The view of the lake from that lone tree is perfect. Elevated, it affords a panoramic vantage point to see everything, unlike the special campsite which sits, as mentioned, behind the trees and is a 25m trot on a rocky path to better the view.
My reasoning for the lone-tree spot was two-fold. One, the view's great. Two, since everything that visits the water emerges from somewhere through the tree line, I wasn't interested in sitting alone in a dark grove waiting for something to flop onto my lap on its way for a drink. Also, the baboons keep to the western edge of the lake and so little concern of sticky fingers grabbing my stuff and scampering off. On this map, the road into the crater enters through that clearing, so it's the first spot you come upon as you approach the crater.
Marsabit, or "mountain of cold", is certainly much cooler than where I was just before, Samburu National Reserve. T'was nice to wear layers in the cool morning, like a misty Oregon campout, and the third day included an early fog roll-over above the lake.

If in need of provisions before going into the park, there's a market, Basmart, on the right side of the A2 as you enter Marsabit town from the south. It's adjacent to the Total petrol station. A bit further, another couple hundred meters or so (and at the next right turn as you move east into town), is the main road to Ahmed Gate. There's a Shell station on that corner.
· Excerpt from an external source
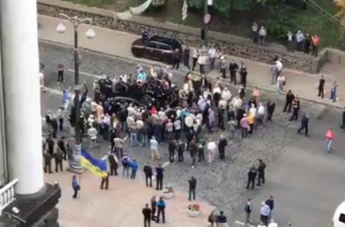 Пьяный "мажор" на Porsche въехал в толпу в центре Киева (видео)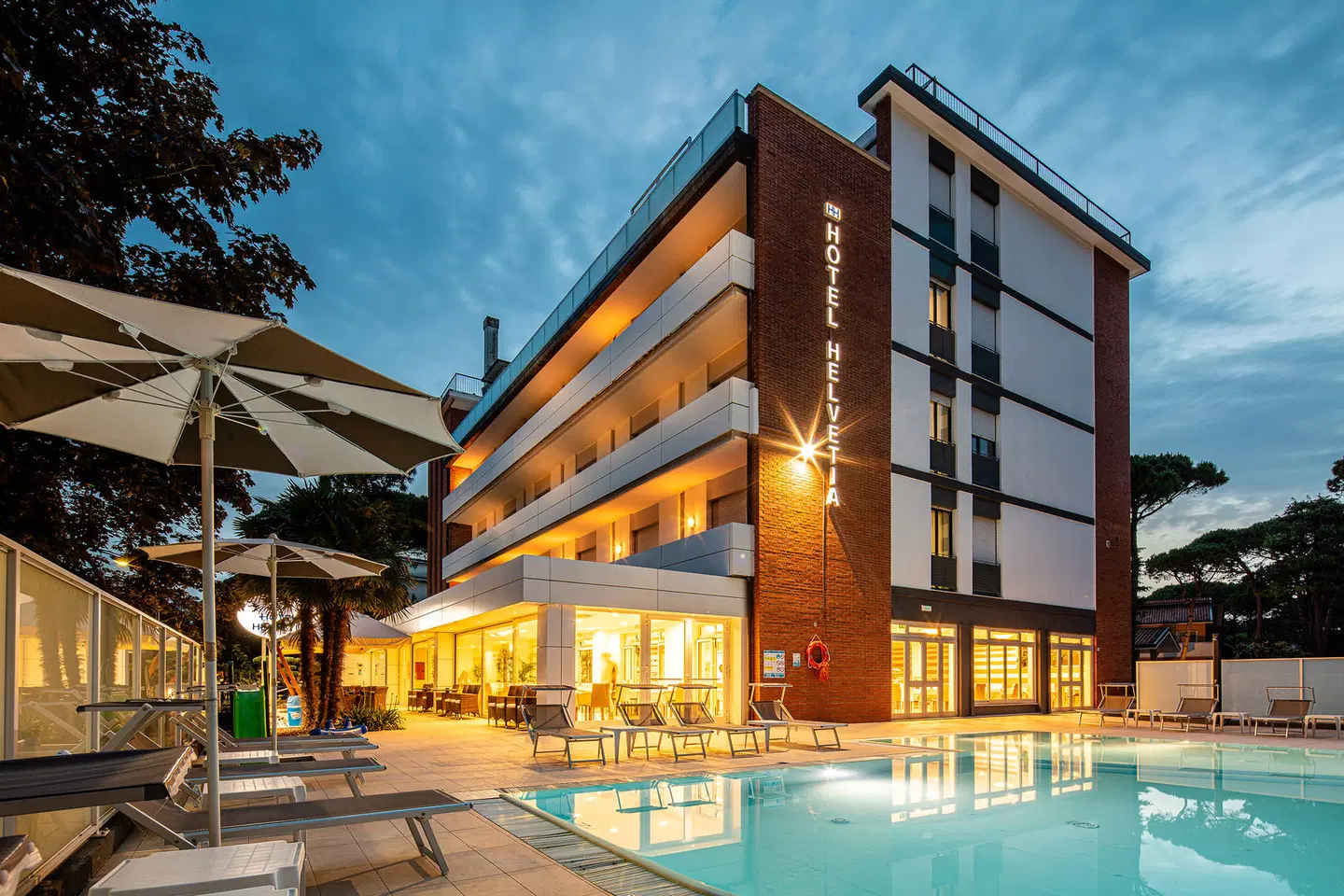 Hotel Helvetia EXTERIOR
If you need some of those mentioned Tuskers, you can get them by the case from the Saku Beer Agency a hundred meters past the Shell station on your way to the park entrance, on the left side of the road. (The Marsabit NP map, btw, was available only at the Ahmed gate, and not the more informal Karare gate.) The road conditions in the park, in October, are good, easy in, easy out.
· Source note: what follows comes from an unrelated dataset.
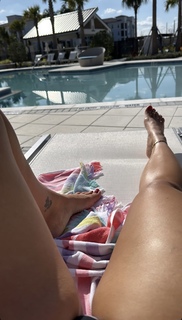 Blu Gem feet photo thumbnail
Of everywhere I've camped in Kenya, this place is among the best... no menacing monkeys, no people doing nonsense (see Hell's Gate post), and enough inquisitiveness on both sides of the tent to maintain a steady cycle of awe. Whether you go to camp there or not, don't forget, above all else, to bring something to sit on. You'll be happy you spent as many hours as possible on the edge of Lake Paradise, and, I believe, leave with full appreciation of the lawn-chair safari. Kids? Yes!
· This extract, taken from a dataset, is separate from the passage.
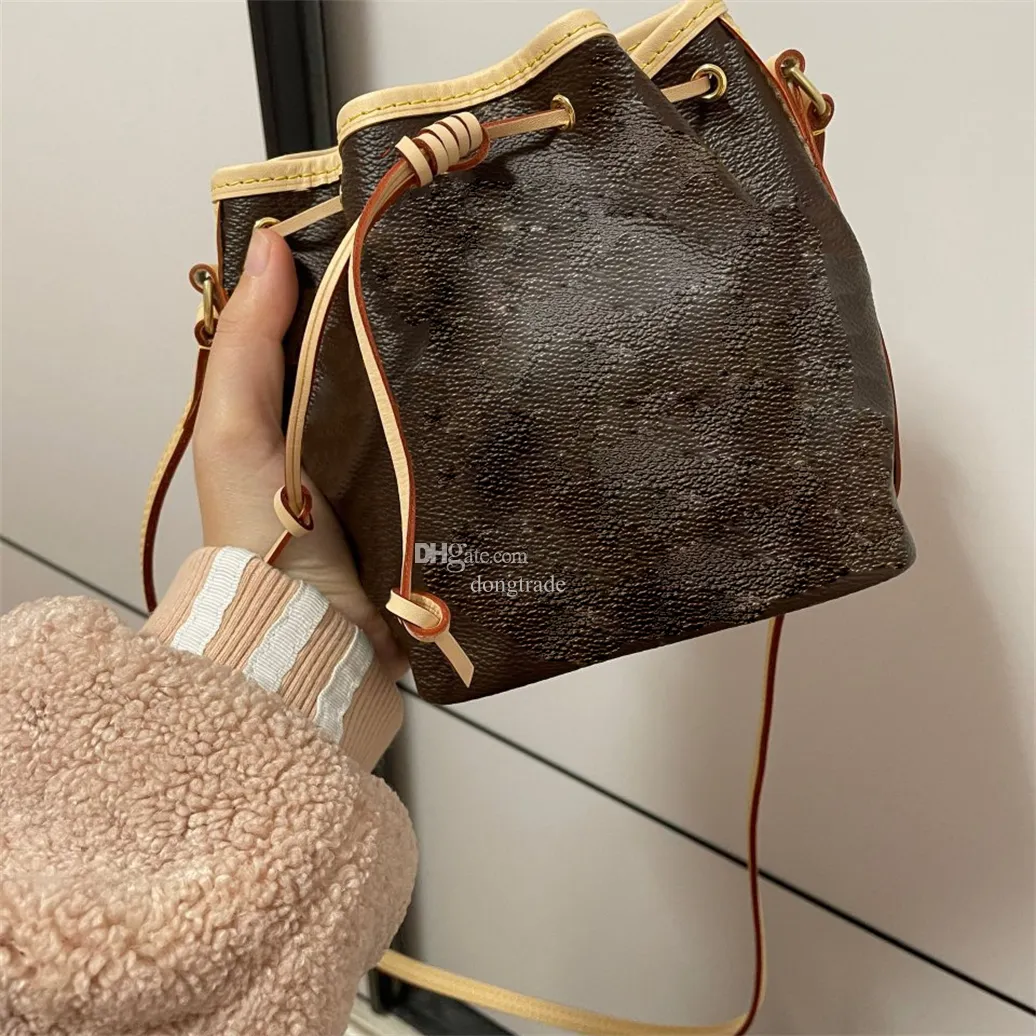 Luxurys Designer Bags Purches Handbags財布ファッションショルダーバッグエレガントな有名な高級クロスボディメッセンジャー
When you return home from Marsabit you’ll tell your friends and their friends about what happened here. Chances are good they’ve never been, and, sadly, like most everybody else, will never go, but you’ll try to convince them anyway. Marsabit is far off the tourist circuit, and with so many other spectacular Kenyan parks more readily accessible, visitation will remain low. But its lack of popularity is your benefit. And the drive is fabulous on what is possibly Kenya’s best road from Archer’s Post to Moyale.
As Kenyan long-distance runner Jalis Lukong enthusiastically said during an interview, describing the moment he looked over his shoulder and realized victory was imminent in the 2013 Kass FM marathon, “no peepol, no peepol, noooo. And I happi.” Marsabit... take your lawn-chair safari to the next level.